Teşhis konduğunda, beş ay ancak yaşayacağı
söylenmişti. Ama Brryan yaşadı. Sayısız doktor muayenesi, her çıkan ilacın
denenmesi ve acılı yılların sonunda, herkesi şaşırtarak iyileşmişti Brryan.
Sadece hastalık değildi acı veren, her gittiği okulda vebalı muamelesi görmüş,
dışlanmıştı. “Çok yalnızdım, koca dünyada bana yer olmadığını hissediyordum”
diyor Brryan. On yaşına geldiğinde yavaş yavaş parçaları birleştiriyor, öz
babasının yaptığı kötülüğü anlamaya başlıyordu. 13 yaşında Tanrı inancı
etkiledi Brryan’ı. Babasını affetmeyi denedi, en azından kendi ruh sağlığı için[4] buna ihtiyacı
olduğunu hissetti. Mizaha yöneldi, şakacılığıyla tanınır oldu.
Hala vücudunda AİDS virüsü dolaşsa da, Brryan
artık sağlıklı, güler yüzlü bir genç. Baba olmak hayallerini süslüyor ve “umut”
yaşamsaldır diyor Brryan: “Çocuklarıma hep umudu aşılamak isterim. Onlara
dünyanın aslında barışçıl bir yer olduğu ve benim onları korumak için hep
yanlarında olacağım duygusunu vermek isterim. Kötü şeylerden de iyi şeylerin çıkması mümkündür”.

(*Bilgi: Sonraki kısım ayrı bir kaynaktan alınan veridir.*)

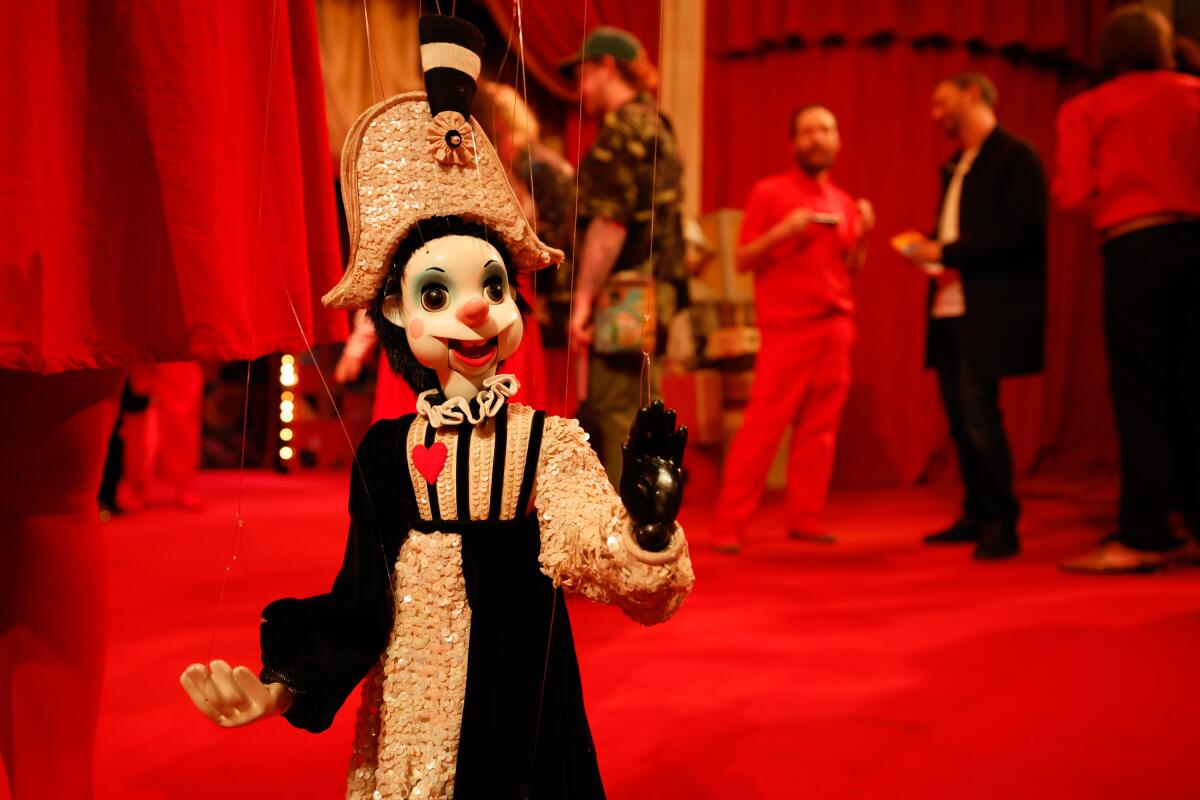 Ginger Duncan twirls the marionette “Comedy,” after the premiere of “Choo Choo Revue."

Konuya duygusal dayanıklılık açısından
baktığımızda, bu sözler bambaşka bir hikaye anlatıyor. İki çocuk da,
yaşadıkları trajediden insancıl değerlere yaslanarak çıkmaya çalışmış, sözleri derslerle dolu. Haksızlığa
uğradıkları halde, bu değerlere inançlarını yitirmemişler. Empatiyi, merhameti
öğrenmişler. Hayata da insanlara da küsmeden, iyi insanların da yeterince bulunduğunu anlayıp, var olan
iyiliklere şükran duygusunu kaybetmemiş
ve belki de en önemlisi, kestirmeden
mutsuzluk yolu olan toplumdan kendini soyutlamayı düşünmemişler.
“Kötülükten (bile) iyi şeylerin çıkmasının mümkün” olduğunu kanıtlamışlar.[5]

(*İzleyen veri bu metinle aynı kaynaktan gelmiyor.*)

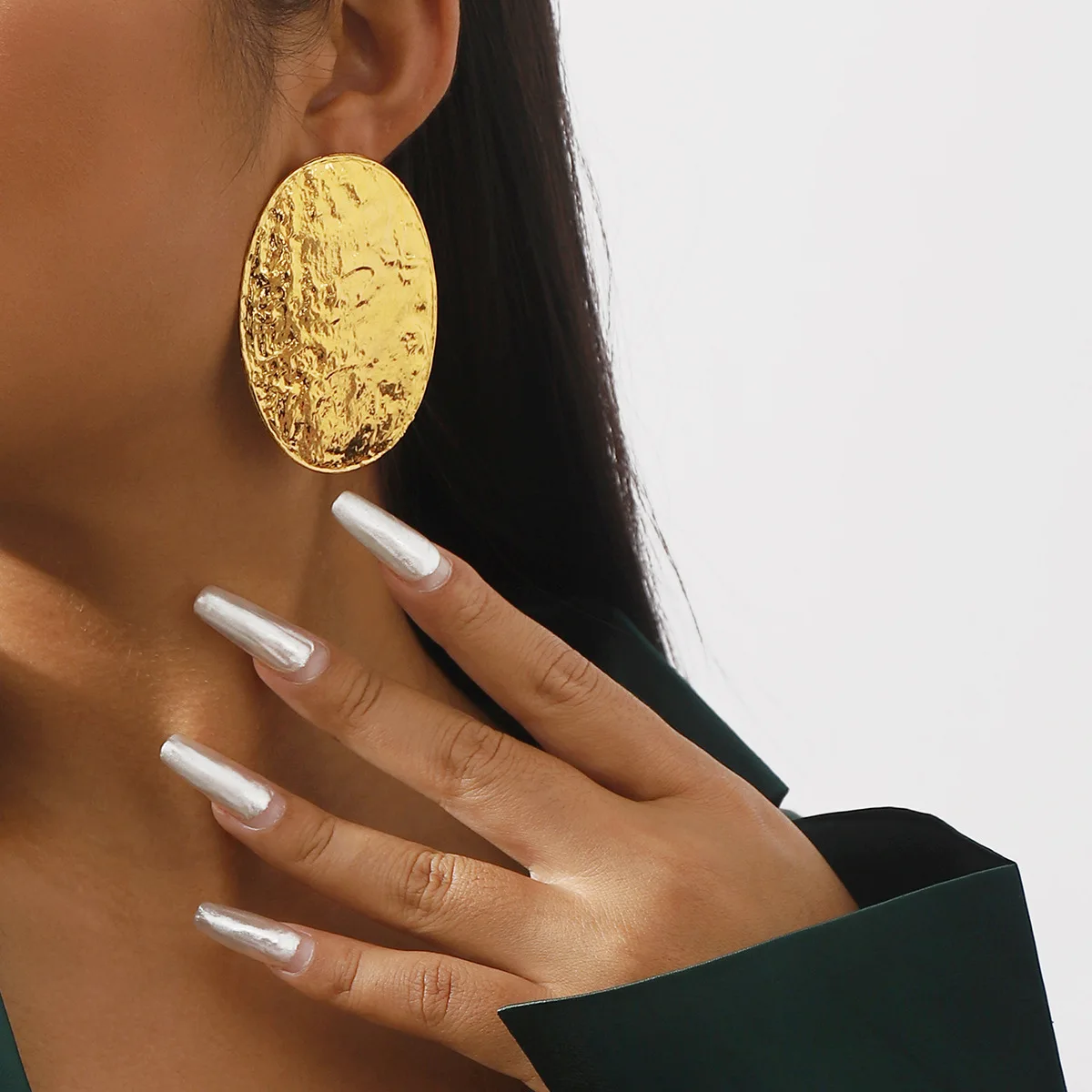 Minimalist style exaggerated alloy oval earrings with textured concave convex geometric metallic feel, fashionable earrings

Başımıza gelen şeylerden çok, bizim nasıl
tepki verdiğimizdir önemli olan. Kaderimizi belirleyen de büyük ölçüde bu değil
mi? İnternette dolaşan “%10-%90 kuralı” hikayesini hatırladınız mı? Ya da
“Sükunet Duası”nı (Serenity Prayer):
“Tanrım, bana değiştiremeyeceğim şeyleri kabul
etme (sabır), değiştirebileceğim şeyler için cesaret ve ikisi arasındaki farkı
anlayacak bir feraset ver.”
Çocukların acı çekmediği bir dünya umuduyla…
Sevgiyle kalın.
[1] Guy Winch, How To Fix A Broken
Heart, https://www.ted.com/talks/guy_winch_how_to_fix_a_broken_heart, TED 2017
[3] Lucy Hancock, Brryan Jackson: My
father injected me with HIV, BBC World Service, 19.10.2016, http://www.bbc.com/news/magazine-37696071
[4] Bu sözler bana, Tuğba Tuğman’ın “Hoşgörü Özgürleştirir” başlıklı güzel
yazısını hatırlattı. Henüz okumadıysanız: http://coachteam.com.tr/hosgoru-ozgurlestirir/
[5] Bu hikayeler yazıya dökülmüş
olanlardan birkaçı sadece. Dünyamızda hala acı çeken sayısız çocuğun varlığını
bilmek kahredici bir duygu, değil mi?